Stored entries:

# # # #

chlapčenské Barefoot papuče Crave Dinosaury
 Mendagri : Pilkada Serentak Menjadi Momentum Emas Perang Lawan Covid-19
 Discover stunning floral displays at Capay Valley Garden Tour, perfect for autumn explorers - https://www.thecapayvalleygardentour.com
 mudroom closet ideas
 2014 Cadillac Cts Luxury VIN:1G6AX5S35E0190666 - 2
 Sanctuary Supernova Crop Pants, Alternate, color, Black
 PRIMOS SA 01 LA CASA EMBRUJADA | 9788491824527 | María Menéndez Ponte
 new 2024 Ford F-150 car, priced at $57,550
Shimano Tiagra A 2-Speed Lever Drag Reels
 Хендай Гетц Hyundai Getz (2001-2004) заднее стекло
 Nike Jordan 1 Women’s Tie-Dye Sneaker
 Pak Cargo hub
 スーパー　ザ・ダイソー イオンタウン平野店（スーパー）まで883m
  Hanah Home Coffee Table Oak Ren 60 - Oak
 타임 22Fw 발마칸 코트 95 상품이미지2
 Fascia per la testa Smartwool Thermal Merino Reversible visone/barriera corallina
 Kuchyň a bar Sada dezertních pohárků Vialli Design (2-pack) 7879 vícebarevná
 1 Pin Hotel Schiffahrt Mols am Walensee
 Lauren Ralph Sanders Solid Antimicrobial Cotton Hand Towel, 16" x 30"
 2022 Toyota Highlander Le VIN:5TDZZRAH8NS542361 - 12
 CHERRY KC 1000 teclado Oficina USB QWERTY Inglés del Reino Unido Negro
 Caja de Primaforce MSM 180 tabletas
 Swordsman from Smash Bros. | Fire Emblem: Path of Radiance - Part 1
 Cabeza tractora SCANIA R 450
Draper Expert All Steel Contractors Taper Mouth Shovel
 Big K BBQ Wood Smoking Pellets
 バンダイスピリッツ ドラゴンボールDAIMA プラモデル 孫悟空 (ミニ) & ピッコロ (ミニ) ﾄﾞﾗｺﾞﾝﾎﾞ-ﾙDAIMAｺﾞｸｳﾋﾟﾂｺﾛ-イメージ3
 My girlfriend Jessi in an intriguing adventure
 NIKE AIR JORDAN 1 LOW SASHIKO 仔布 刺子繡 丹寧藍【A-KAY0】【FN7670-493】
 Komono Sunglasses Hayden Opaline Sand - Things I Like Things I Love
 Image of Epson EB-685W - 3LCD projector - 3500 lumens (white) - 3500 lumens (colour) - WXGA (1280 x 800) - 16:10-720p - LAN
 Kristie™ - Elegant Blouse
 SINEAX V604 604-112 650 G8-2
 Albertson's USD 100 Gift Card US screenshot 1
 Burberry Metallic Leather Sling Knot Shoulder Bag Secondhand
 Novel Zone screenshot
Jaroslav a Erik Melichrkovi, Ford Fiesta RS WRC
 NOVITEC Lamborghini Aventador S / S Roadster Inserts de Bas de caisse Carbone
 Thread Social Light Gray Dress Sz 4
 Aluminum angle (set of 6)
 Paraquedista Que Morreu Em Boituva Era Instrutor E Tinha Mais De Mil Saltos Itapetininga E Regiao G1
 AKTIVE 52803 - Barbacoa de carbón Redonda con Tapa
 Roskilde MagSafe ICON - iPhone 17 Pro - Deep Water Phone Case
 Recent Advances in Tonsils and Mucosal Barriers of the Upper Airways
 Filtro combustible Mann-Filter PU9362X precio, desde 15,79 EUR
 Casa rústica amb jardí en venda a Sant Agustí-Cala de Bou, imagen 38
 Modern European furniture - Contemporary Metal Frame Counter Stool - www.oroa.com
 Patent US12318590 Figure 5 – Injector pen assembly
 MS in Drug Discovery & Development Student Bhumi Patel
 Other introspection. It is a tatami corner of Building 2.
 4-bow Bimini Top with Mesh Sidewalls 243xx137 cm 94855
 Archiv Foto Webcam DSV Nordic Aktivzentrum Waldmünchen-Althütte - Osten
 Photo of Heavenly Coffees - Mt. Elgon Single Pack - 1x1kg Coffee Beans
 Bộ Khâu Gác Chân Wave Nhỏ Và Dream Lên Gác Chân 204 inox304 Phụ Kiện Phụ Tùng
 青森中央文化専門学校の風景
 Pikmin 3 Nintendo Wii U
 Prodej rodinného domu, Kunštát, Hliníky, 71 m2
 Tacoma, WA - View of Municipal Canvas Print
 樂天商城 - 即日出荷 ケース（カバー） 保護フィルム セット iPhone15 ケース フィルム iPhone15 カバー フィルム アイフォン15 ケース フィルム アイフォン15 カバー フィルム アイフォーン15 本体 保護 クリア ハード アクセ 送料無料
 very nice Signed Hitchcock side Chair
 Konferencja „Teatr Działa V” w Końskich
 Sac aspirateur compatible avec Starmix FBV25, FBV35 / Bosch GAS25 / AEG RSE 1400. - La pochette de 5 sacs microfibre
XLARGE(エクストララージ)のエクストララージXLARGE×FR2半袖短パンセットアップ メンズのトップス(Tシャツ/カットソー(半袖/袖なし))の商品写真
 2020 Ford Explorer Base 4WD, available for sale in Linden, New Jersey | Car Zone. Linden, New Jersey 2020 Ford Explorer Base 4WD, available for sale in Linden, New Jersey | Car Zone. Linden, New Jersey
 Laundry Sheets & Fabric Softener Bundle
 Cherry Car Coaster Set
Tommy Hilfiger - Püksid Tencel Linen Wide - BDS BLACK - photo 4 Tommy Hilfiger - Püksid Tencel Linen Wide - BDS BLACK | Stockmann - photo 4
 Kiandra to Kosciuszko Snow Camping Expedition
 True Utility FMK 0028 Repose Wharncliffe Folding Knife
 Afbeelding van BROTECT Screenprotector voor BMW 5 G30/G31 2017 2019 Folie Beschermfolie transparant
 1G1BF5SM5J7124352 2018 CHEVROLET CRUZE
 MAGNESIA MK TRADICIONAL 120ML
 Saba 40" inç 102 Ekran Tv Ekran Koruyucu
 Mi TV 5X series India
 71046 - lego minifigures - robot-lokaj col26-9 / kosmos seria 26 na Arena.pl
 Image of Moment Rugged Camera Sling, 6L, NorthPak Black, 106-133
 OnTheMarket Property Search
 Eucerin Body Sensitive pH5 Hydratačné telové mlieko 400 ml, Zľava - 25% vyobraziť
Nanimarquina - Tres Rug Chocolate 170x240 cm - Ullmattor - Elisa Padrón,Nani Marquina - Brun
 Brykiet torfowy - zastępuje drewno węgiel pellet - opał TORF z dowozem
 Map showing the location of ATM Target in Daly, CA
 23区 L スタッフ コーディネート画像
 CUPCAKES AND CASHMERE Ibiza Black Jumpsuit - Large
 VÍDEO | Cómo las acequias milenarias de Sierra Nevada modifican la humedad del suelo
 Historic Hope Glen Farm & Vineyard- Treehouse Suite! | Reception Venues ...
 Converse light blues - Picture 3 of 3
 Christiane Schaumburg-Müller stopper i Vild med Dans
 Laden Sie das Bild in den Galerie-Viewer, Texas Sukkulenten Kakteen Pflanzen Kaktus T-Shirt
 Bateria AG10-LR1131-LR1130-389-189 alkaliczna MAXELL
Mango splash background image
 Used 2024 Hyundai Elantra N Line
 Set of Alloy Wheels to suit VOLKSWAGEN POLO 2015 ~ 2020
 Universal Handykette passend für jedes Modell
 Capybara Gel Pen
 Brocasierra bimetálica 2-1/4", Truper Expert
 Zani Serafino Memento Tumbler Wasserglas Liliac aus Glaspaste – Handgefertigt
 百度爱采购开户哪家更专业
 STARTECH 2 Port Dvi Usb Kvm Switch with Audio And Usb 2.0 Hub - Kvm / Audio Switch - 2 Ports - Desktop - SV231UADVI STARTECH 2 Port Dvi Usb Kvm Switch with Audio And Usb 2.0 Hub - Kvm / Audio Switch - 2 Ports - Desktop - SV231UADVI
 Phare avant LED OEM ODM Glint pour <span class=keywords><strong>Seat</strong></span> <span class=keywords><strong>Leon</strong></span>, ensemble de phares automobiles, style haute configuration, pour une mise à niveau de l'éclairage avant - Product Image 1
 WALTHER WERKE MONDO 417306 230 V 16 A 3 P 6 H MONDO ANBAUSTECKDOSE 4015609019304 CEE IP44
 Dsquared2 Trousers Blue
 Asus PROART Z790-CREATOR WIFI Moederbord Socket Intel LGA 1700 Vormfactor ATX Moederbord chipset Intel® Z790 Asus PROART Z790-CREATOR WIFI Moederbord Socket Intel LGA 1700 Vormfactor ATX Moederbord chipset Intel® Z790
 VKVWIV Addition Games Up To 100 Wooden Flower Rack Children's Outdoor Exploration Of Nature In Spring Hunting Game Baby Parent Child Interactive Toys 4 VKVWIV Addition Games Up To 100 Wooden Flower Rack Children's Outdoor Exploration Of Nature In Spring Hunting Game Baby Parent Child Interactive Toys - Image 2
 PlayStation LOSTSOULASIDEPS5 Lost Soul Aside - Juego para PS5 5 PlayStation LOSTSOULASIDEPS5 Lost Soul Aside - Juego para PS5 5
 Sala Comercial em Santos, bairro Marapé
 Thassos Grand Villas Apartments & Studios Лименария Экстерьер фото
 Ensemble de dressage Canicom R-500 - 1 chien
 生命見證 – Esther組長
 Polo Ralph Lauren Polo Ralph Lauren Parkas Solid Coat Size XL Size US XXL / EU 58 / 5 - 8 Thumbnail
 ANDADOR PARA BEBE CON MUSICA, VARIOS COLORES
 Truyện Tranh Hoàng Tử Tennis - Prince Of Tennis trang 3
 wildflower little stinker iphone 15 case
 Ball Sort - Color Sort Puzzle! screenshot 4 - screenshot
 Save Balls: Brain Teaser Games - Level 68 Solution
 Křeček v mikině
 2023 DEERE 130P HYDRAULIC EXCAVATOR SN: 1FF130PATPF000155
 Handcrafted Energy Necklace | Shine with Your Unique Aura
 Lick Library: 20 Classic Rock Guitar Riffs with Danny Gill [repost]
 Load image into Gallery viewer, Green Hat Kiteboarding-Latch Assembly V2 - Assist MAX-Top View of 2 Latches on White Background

# # # #

EXERCISE DESCRIPTION: Each line above that contains "Ford" must be copied out.

SOLUTION FOR THIS PROBLEM:
 new 2024 Ford F-150 car, priced at $57,550
Jaroslav a Erik Melichrkovi, Ford Fiesta RS WRC
 2020 Ford Explorer Base 4WD, available for sale in Linden, New Jersey | Car Zone. Linden, New Jersey 2020 Ford Explorer Base 4WD, available for sale in Linden, New Jersey | Car Zone. Linden, New Jersey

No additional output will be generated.